# Honda EU3000is Extension Cords & Power Strips Question



## Boss (Jul 30, 2021)

I am new to hooking up a gen to power some electronics in my home and want to do it the most economical way.

I have a new Honda EU3000is and a RV 10 gauge 30 amp 50' cord and would like to use this either to hook up to a power strip that I can plug my fridge in and tv and modem....or I would be willing to use the 10 gauge cord with a dog bone step down 15 amp plug for my furnace with the new EZGenerator switch. The power strips I am finding are only rated for 15 amps and I think I need at least 20 amp power strip since the 2 outlet plugs on the Gen are 20 amps? I called a electrician and he wants to charge me over 1,000.00 to install a manual transfer switch and I don't really lose power that much to justify that expense ....I rather run a few cords through my door and spend the money on 12 gauge extension cords or 10 gauge...power strips etc....

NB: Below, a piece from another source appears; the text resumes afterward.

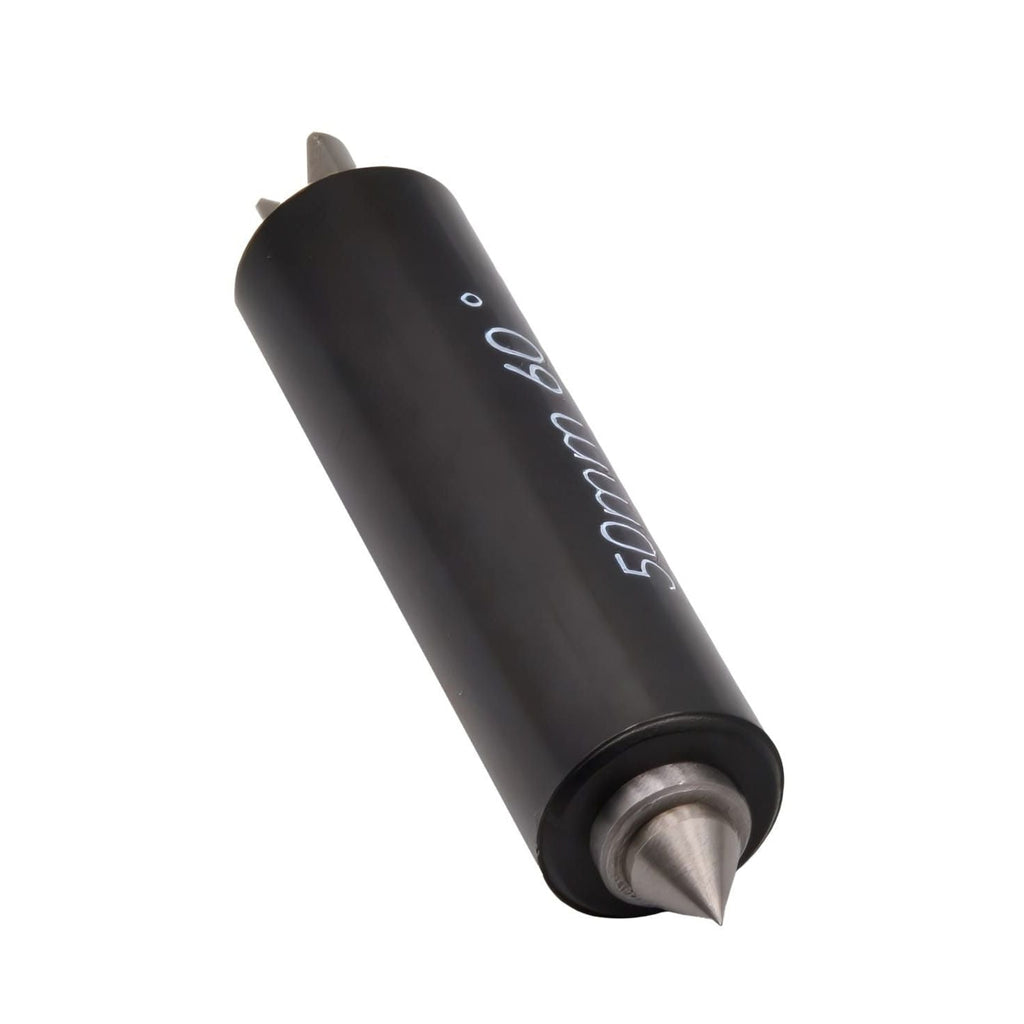 INSIZE SETTING STANDARD FOR SCREW THREAD MIC 60° Series 3281-4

Can anyone help me with the best setup I am looking for and what will work safely?

Thank you....


----------



## iowagold (Jan 22, 2020)

50 foot i would use at least an 8 gauge cord min...
that is a long run...

rated it is at 21.7 amps and peak at 25 amps at 120 vac...
so it is right on the line for the 10 gauge at 50 feet....
at least in hot temps like we have been having...

just do an octopus box like they use on construction sites
you can make one of those for inside the house..
pm me if you need details. or links for pre made units..

$1K for interlock can be a good price if it is long runs with inlet etc.
do you have the printed quote so we can look at the job as quoted?


----------



## Boss (Jul 30, 2021)

Okay thanks ....found everything I needed on Amazon and placed an order.


----------